Negation-Instance Based Evaluation of End-to-End Negation Resolution
This work addresses a methodological issue for researchers in natural language processing, specifically in negation resolution, by standardizing evaluation to enable fair comparisons, though it is incremental as it builds on existing shared tasks.
The paper tackles the problem of inconsistent evaluation metrics in negation resolution, proposing a negation-instance based approach to make system comparisons meaningful, and provides results for state-of-the-art systems on three English corpora with publicly available scripts.

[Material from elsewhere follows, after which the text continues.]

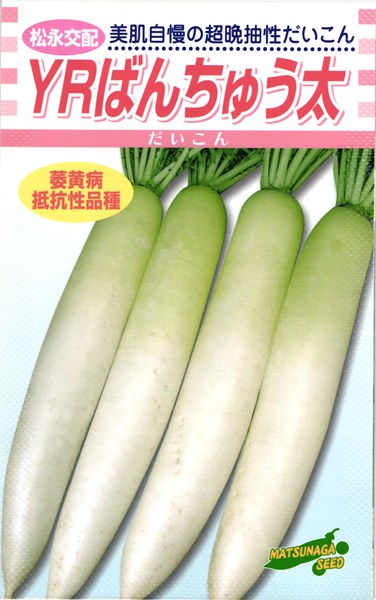 709円 今ならほぼ即納！ ダイコン 種 YRばんちゅう太大根 松永種苗 20ml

In this paper, we revisit the task of negation resolution, which includes the subtasks of cue detection (e.g. "not", "never") and scope resolution. In the context of previous shared tasks, a variety of evaluation metrics have been proposed. Subsequent works usually use different subsets of these, including variations and custom implementations, rendering meaningful comparisons between systems difficult. Examining the problem both from a linguistic perspective and from a downstream viewpoint, we here argue for a negation-instance based approach to evaluating negation resolution. Our proposed metrics correspond to expectations over per-instance scores and hence are intuitively interpretable. To render research comparable and to foster future work, we provide results for a set of current state-of-the-art systems for negation resolution on three English corpora, and make our implementation of the evaluation scripts publicly available.